WHAT THE EXERCISE ASKS:
Your reproduction of the entries should be exact and should contain no pictures.

########################################

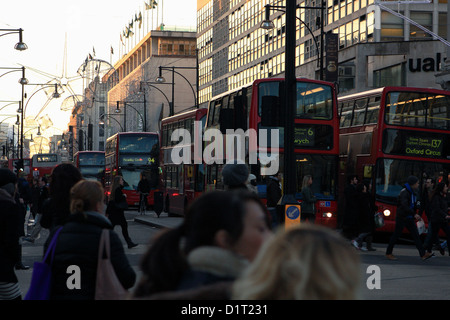 Warteschlangen von Bussen und Menschen in der Oxford Street, London Stockfoto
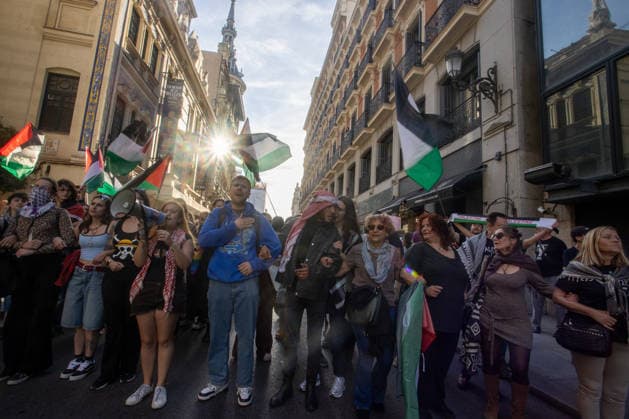 May 19, 2026, Madrid, Spain: Protesters hold Palestinian flags during a demonstration. A second day of emergency demonstrations in the center of Madrid against the disruption and detention of ships belonging to the Global Sumud Flotilla. The Israeli army has continued to intercept ships from the flotilla that were heading to Gaza with humanitarian aid from various countries. Madrid Spain - ZUMAs197 20260519_aaa_s197_272 Copyright: xDavidxCanalesx
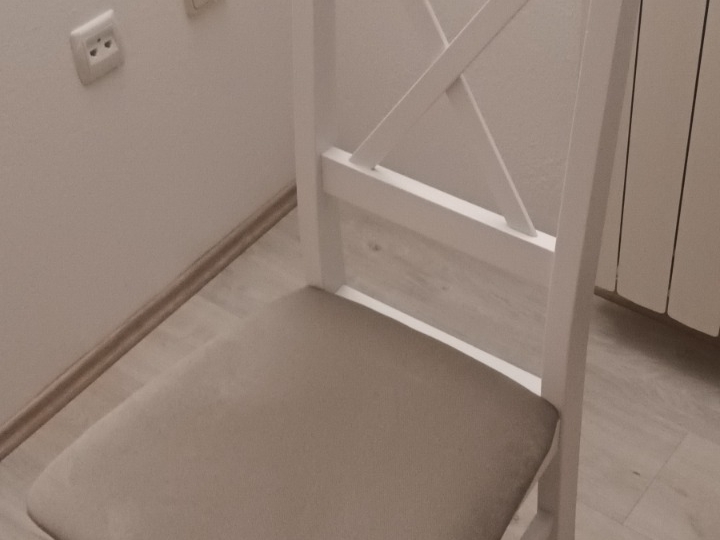 Novo, nekorišteno! 4 stolice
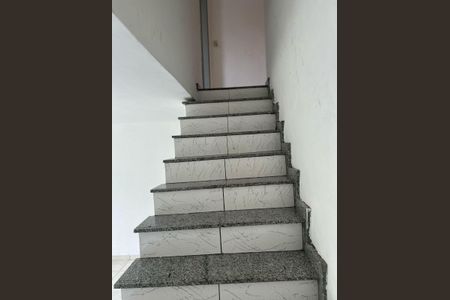 Casa à venda com 160m², 3 quartos e 4 vagas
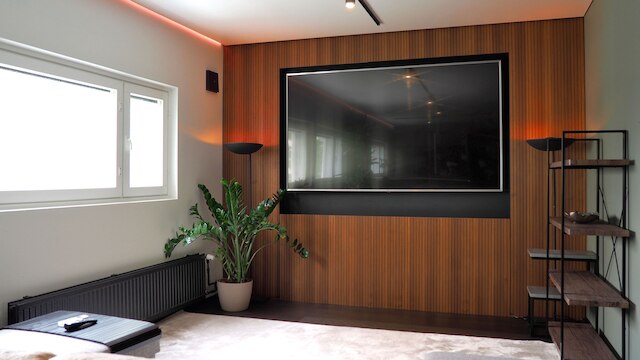 スイート ウィズ サウナ & ジャグジー in カンッピ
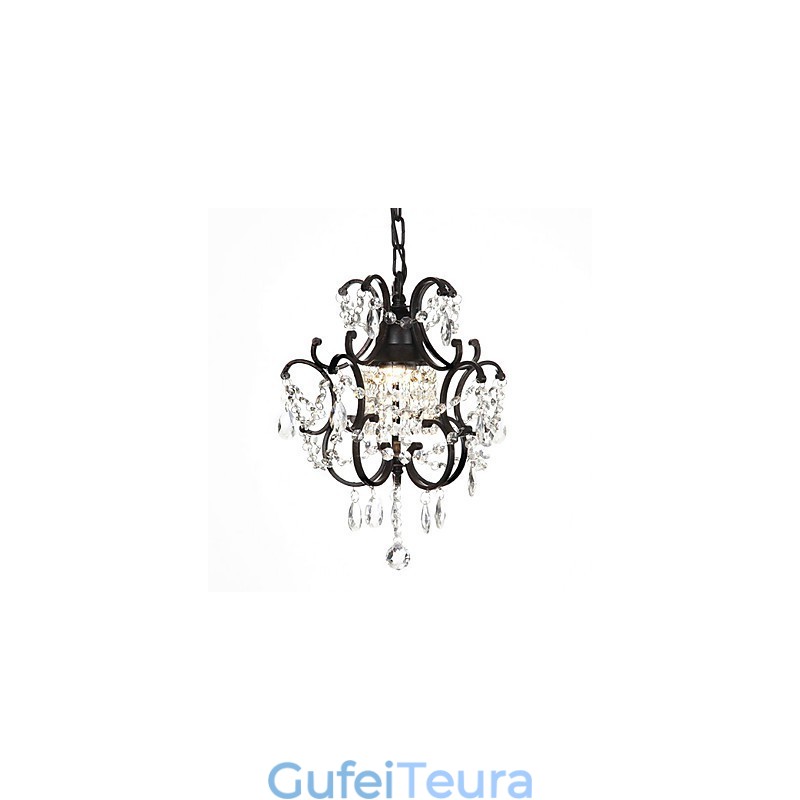 נברשת מודרנית עם חרוזי קריסטל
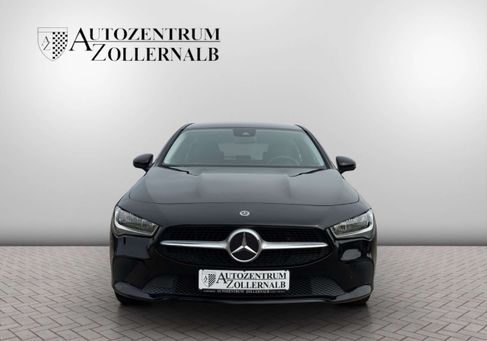 Mercedes-Benz CLA 250, 2022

########################################

RESPONSE:
 Warteschlangen von Bussen und Menschen in der Oxford Street, London Stockfoto
 May 19, 2026, Madrid, Spain: Protesters hold Palestinian flags during a demonstration. A second day of emergency demonstrations in the center of Madrid against the disruption and detention of ships belonging to the Global Sumud Flotilla. The Israeli army has continued to intercept ships from the flotilla that were heading to Gaza with humanitarian aid from various countries. Madrid Spain - ZUMAs197 20260519_aaa_s197_272 Copyright: xDavidxCanalesx
 Novo, nekorišteno! 4 stolice
 Casa à venda com 160m², 3 quartos e 4 vagas
 スイート ウィズ サウナ & ジャグジー in カンッピ
 נברשת מודרנית עם חרוזי קריסטל
 Mercedes-Benz CLA 250, 2022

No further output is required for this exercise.